Podcast

A predictive model that forecasts Oscar winners in advance? Inconceivable!

Callahan’s senior business analyst used his spare time once again (football season is over) to construct an algorithm to predict which movies have the highest chance of winning “Best Picture” at the 2019 Oscars. To do this, James used a predictive model that looked for trends and key indicators that in the end, created a formula he says is 86 percent accurate.

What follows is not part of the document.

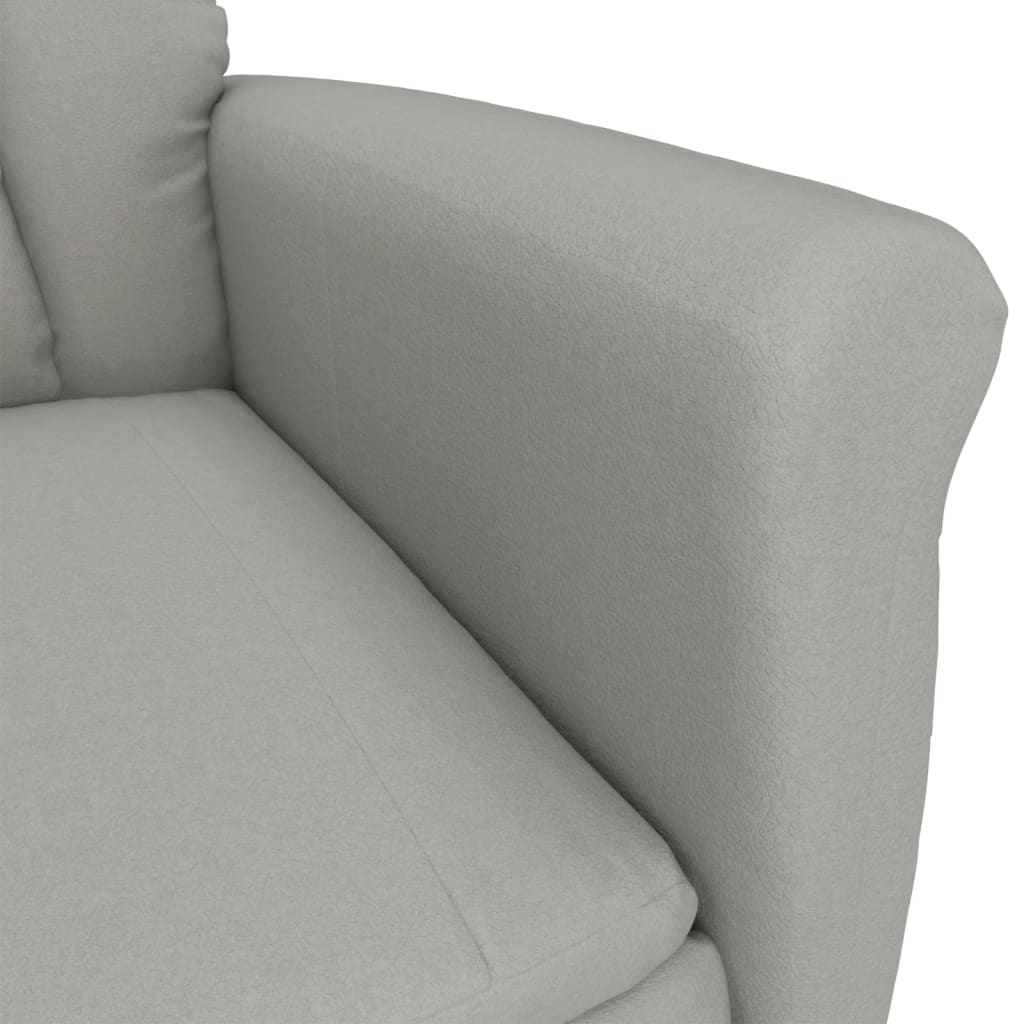 Fauteuil de massage électrique Gris clair Similicuir daim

These same principles can be applied with a business’ data to create a predictive model that forecasts future results and trends by using a combination of traditional sales data merged with a creative combination of other additional data sets. In this episode, James and Eric explain the correlation between their Oscars model and how that same approach could uncover aha when applied to business and marketing challenges.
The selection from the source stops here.